Thursday, May 12, 2011
The previous post was how I really felt in the morning. True that i'm upset but I guess I have been harsh on my words. Sorry for my short temper these few days. Nevertheless, I still mean what I say just that it's not pointing at any individual. But for now, Im not as upset as I was this morning and I guess I never will anymore. So from tmr onwards I wish to be happy and not flare up so easily. I hope i can do it. That's all for the short post, goodnight!
Anger
Wednesday, May 11, 2011
You know how I feel? It's like a volcano ready to erupt. And you? You know how I feel? No you don't all you care about was how tired you are how you need more rest hello I'm also a human being I can why can't you? I force myself to come sch despite a headache I force myself to come sch cos I'm scared if I don't people like you will start to find any reasons like me not to come as well. But apparently it doesn't matter to you. Why can't you be more considerate and act like a young adult? Must I remind you every single week? Must there really be attendance taking before things can turn better? I try not to say anything as much as I can but you know what? It reach my limit. I appreciate thise who make the effort to, i really do. At least these people care unlike you. They are all tired what makes you different from them? Oh btw to me, some have alr intended not to come when you are not even wearing the uniform let me tell you it doesn't make a diff to whether you came or not cos to me, you haven't make the effort to either. Put yourself in my shoe can? I tried to respect you but pls take the initiative to be responsible to others as well. I may be the healthrep but this is not the way to push everything to me. I hate to say this on my blog but true enough, I have gotten enough disappointment each time and I have had enough.
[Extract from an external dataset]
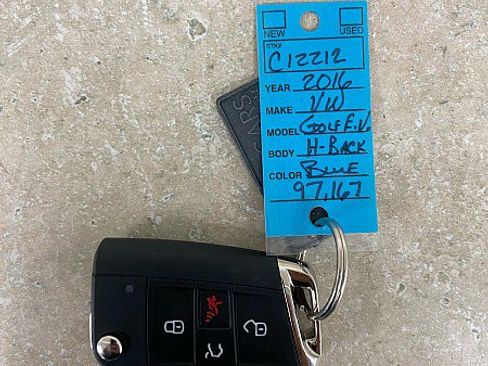 Used 2016 Volkswagen e-Golf SE w/ DC Fast Charging Package image 29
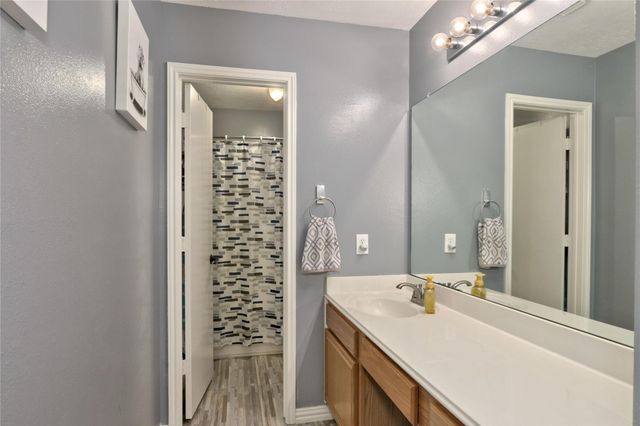 7110 Hayden Drive, Magnolia, TX 77354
Happy things coming around
Monday, May 09, 2011
Hellooo. life's hectic. i took my tv time to hurry blog the happenings these few days like how pathetic. Anyway straight to the point, aljunied was conquered by the workers' party. its a dilemma to many though cos though its a joy but it a pity we lost george yeo. life's that way, we all have to move on with changes all around. :)
7 may was ONGKID's birthdayyy and im glad she was a happy kid on that day haha. i always thought its cool to be touched to cry on your birthday just like what that little foolish girl did. but then, it will only happen if that person is easily moved! anyhow, happy birthday kid! i love you many many just like before <3
head to visit baby's parent afterwhich went to his house to make his mother's day gift. speaking of mother's day, this year we hardly celebrate cos it clashed with my uncle's birthday and everyone had to head down for his birthday buffet. but i didnt go cos i figure out i will be damn bored sitting alone over there watching tv. nevertheless, i love my mum for always being there for me and all, esp for tolerating my nonsense whenever i flare up for no reasons. though she wont be reading this, still i love you mummy :D
then 8 may was our first year anniversary too. :D was supposed to go out for a series of program but just realised a few days before it clashed with mothers' day as well. so we only head out for my all time craving dim sum buffet. since the day we got together i have been feasting a lot with that boy and it makes me fat like mad. we had dim sum buffet at zhou's kitchen at anchorpoint. the dim sums were pretty good. i actually planned to spam my favourite har gau and siew mai and we wanted to try every single dish there but...we were damn full already after the first round. and i ate only 2 har gau.... :( Hehe anyway, im still happy cos i satisfied my craves! shall bring dawsym there next time hehe
Well, it has been one year. I'm still as happy as we first started out. frankly speaking, one year isn't far but what matters more to me, was in this one year, we went through many things that never fails to make me smile whenever i think of it. i admit i have changed a little with my temperament growing more uncontrollably and sometimes it got things rough between us. then i always expect you to give in cos im stubborn. sometimes you did, sometimes you don't. anyhow, those little conflicts always dissolve by itself somewhere and we realised how silly we are at the end of the day. you have been giving me all the attention i need and everything i wanted to have. you have always been there for me when everything fails me. i want you to know that i really treasure your presence and i love you horrible boy. :)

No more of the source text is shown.